IEs also assume that the process of acting intelligently over the user cannot disturb them. Otherwise, if a user is continuously disturbed, it could be a reason to reject the system (Liao et al. 2004; Pollack 2005). This requirement demands IEs to be conscious of the current situation in each moment (Ramos et al. 2006). Context aware environments are concerned with the unobtrusive acquisition of context (e.g., using sensors to perceive different situations), understanding of context (e.g., inferring the actions/activities the users are doing), and making decisions based on the recognized situation (e.g., automating the activation of a device).

Being aware of the importance of these two areas, it must be said that they are not independent areas but they must be combined to achieve a real intelligent environment. Taking the learning system as the base to provide the environment with intelligence, this chapter analyses the influence of context awareness in the learning process. For that, using a real scenario, we identify the steps of the learning process where it is necessary to apply context awareness techniques to allow the environment to provide personalized and adapted services at the right time. Let us consider a scenario that illustrates an IE that makes the life of the users easier and safer.

Michael is a 60-year-old man who lives alone and enjoys an assistance system that makes his daily life easier. On weekdays, Michael’s alarm goes off a few minutes after 08:00 a.m.; approximately 10-15 minutes later, he usually steps into the bathroom. At that moment, the lights are turned on automatically. On Tuesdays, Thursdays and Fridays, he usually takes a shower; Michael prefers the temperature of the water to be around 24-26 degrees Celsius in the winter and around 21- 23 degrees Celsius in the summer.
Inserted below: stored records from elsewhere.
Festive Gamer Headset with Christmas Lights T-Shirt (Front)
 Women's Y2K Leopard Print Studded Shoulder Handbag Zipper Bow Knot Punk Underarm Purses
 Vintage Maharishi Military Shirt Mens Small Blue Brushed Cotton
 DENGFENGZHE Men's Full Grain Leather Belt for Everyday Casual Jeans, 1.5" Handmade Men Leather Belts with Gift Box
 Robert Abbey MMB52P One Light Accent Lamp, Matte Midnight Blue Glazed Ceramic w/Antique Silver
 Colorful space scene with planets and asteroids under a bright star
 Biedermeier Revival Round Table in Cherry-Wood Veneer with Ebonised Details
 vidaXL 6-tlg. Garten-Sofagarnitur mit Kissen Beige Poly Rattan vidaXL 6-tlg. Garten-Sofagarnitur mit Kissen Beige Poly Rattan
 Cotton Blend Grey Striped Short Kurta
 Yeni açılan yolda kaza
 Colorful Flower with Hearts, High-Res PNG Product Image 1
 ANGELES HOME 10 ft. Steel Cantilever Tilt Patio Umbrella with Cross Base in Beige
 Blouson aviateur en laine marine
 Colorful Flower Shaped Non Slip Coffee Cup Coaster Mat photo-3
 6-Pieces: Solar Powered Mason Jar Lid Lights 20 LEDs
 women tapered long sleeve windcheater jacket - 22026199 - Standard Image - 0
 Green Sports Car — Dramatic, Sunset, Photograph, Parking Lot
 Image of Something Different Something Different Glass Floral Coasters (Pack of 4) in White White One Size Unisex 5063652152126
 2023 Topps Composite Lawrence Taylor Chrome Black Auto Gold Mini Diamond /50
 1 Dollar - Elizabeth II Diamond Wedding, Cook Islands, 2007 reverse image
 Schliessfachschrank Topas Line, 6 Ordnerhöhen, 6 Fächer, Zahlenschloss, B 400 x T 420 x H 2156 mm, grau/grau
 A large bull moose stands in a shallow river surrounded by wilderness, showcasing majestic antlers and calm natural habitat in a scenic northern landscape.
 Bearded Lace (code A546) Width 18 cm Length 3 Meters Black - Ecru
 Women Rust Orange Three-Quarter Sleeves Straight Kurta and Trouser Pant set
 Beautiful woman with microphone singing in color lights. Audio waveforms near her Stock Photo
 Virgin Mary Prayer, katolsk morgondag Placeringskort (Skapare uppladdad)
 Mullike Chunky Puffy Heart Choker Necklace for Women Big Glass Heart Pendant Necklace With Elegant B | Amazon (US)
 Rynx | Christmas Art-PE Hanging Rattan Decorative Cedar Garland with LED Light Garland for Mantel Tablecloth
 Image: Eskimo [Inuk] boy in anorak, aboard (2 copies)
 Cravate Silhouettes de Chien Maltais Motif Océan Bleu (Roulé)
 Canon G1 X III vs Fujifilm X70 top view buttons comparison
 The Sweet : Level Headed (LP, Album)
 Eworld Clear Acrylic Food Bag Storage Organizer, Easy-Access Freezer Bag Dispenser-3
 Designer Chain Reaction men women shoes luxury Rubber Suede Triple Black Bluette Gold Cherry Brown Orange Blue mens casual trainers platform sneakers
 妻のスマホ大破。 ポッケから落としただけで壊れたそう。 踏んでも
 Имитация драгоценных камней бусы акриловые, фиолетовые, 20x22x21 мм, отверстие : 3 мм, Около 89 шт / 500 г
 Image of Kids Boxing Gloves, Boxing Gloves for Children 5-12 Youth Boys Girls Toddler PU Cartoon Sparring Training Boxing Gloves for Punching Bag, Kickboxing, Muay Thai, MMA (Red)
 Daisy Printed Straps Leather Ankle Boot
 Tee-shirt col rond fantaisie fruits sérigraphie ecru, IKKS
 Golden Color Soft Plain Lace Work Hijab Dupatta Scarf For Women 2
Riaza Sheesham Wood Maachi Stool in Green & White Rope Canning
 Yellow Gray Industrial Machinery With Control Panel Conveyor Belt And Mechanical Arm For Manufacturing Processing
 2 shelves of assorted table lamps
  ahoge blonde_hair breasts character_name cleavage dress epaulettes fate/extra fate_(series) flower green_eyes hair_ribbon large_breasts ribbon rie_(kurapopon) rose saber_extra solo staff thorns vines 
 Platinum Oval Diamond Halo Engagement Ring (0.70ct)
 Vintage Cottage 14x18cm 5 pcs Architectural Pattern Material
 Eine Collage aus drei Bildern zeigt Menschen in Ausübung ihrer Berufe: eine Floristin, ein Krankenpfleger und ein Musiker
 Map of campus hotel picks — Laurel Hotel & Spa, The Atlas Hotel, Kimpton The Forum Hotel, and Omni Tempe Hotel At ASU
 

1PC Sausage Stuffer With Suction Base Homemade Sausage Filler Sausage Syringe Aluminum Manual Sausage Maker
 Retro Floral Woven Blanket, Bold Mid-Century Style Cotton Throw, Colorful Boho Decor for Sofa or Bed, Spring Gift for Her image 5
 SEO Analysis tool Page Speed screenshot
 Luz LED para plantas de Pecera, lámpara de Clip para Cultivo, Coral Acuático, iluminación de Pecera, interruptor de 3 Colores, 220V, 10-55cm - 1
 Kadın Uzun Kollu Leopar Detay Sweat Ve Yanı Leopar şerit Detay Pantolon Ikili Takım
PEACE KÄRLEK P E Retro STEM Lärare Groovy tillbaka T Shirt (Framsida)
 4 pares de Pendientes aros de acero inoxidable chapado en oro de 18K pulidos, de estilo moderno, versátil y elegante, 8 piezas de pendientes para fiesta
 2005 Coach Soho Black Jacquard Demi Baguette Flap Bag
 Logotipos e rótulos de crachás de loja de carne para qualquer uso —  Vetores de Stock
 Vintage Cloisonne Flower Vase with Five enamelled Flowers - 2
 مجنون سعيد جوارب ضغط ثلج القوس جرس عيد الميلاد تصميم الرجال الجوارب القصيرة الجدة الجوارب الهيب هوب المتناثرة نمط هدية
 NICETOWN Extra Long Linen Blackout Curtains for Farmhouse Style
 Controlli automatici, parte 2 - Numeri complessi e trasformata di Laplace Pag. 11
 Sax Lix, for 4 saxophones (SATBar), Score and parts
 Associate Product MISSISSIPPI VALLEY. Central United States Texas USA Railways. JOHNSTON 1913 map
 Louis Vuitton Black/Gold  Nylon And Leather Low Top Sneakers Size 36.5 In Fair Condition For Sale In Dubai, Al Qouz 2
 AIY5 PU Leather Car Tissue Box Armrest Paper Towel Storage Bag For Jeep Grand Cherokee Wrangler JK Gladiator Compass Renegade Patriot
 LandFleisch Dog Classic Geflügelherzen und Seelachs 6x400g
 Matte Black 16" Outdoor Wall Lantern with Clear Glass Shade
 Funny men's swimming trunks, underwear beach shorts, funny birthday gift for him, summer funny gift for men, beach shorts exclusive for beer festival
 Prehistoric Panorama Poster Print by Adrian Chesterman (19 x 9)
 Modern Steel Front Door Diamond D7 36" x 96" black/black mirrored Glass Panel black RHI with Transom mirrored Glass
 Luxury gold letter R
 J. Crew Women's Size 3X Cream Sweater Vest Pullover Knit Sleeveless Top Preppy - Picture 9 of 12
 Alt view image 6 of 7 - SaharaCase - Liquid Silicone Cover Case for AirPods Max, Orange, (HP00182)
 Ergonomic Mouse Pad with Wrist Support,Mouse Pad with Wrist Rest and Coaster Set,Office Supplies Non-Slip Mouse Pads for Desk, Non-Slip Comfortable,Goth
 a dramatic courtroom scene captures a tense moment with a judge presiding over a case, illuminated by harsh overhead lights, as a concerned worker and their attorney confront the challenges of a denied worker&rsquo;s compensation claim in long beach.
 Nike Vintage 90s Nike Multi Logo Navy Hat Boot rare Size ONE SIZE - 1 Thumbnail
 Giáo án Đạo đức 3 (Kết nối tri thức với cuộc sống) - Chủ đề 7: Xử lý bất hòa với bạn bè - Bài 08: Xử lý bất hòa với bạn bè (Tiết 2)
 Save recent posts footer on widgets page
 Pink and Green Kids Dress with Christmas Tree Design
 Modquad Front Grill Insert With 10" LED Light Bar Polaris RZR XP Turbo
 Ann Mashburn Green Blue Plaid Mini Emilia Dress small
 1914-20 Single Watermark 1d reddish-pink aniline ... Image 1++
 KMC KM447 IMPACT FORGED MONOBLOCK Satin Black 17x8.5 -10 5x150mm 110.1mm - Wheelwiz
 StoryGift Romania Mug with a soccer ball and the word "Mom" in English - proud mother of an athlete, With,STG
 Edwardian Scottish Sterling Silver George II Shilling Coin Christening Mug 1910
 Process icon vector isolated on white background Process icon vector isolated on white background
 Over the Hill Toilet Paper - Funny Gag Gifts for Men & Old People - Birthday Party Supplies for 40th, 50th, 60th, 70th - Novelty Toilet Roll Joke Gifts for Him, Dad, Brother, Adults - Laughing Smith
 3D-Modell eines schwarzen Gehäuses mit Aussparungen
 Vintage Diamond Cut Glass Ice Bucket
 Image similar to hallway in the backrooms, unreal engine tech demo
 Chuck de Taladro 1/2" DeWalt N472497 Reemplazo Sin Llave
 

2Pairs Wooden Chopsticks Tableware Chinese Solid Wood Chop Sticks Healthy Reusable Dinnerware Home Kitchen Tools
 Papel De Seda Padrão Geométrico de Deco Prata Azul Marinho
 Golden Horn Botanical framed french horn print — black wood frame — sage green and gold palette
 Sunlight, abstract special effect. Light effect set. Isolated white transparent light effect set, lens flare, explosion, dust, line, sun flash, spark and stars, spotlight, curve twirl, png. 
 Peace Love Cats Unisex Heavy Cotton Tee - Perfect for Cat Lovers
When he finishes taking a shower, the fan of the bathroom is turned on if the relative humidity level of the bathroom is high (in Michael’s case >70%). Before he leaves the bathroom he turns off the fan and the lights. When he goes into the kitchen the radio turns on so that he can listen to the news while he prepares his breakfast. When he is preparing his breakfast the system reminds him that he has medicine to take. He leaves the house 15-20 minutes after having breakfast. At that moment, all the lights are turned off, and safety checks are performed in order to detect potentially hazardous situations in his absence (e.g., checking if the stove is turned on), and if needed, the house acts accordingly (e.g., turning the stove off).

The remainder of this chapter is organized as follows. Section 2 provides a literature review of related works. Section 3 introduces the architecture of the system that discovers frequent behaviours. Then, Section 4, 5, and 6, respectively define the different layers of such a system. Finally, conclusions and future research directions are identified.